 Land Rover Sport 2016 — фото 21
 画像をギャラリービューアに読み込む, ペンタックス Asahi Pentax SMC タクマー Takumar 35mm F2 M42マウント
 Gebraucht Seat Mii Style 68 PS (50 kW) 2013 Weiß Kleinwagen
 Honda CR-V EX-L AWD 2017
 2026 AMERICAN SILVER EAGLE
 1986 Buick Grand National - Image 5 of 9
::::::
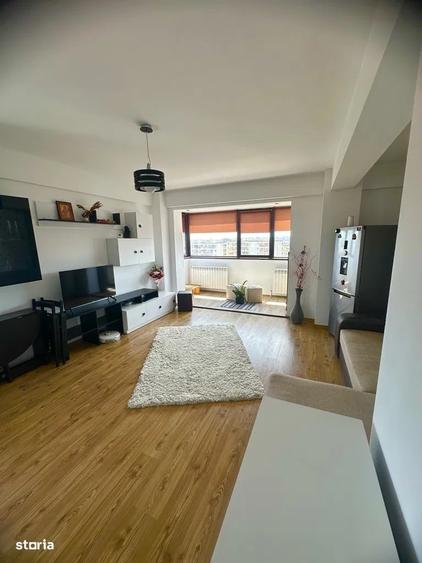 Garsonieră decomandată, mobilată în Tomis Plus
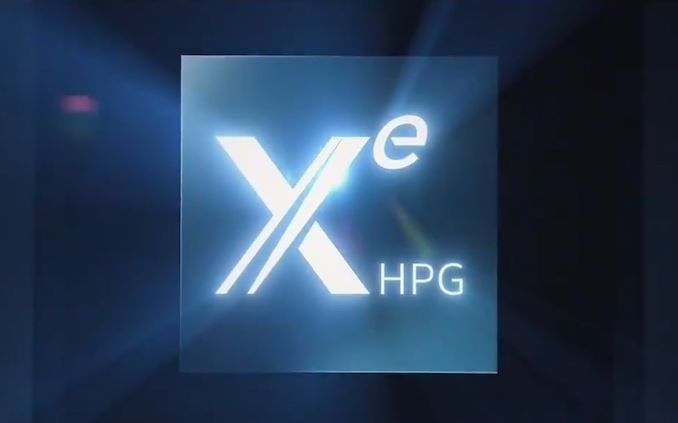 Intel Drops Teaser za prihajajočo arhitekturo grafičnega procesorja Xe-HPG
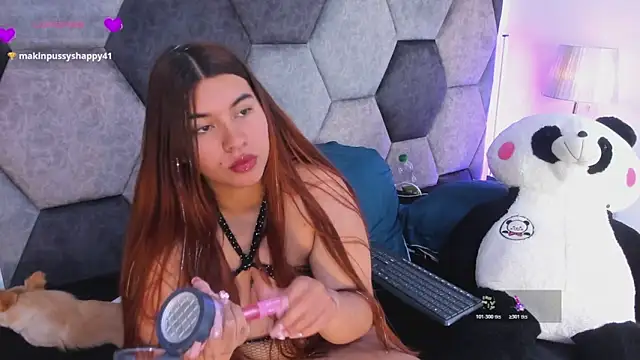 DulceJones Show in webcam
::::::
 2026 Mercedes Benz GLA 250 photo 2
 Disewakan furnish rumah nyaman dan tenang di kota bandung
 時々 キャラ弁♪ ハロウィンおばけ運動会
::::::
Task item: Look through the material above and print exactly the lines from the one containing "Land Rover Sport 2016 — фото 21" to the one containing "1986 Buick Grand National - Image 5 of 9", both included, and nothing more.

Expected output:
 Land Rover Sport 2016 — фото 21
 画像をギャラリービューアに読み込む, ペンタックス Asahi Pentax SMC タクマー Takumar 35mm F2 M42マウント
 Gebraucht Seat Mii Style 68 PS (50 kW) 2013 Weiß Kleinwagen
 Honda CR-V EX-L AWD 2017
 2026 AMERICAN SILVER EAGLE
 1986 Buick Grand National - Image 5 of 9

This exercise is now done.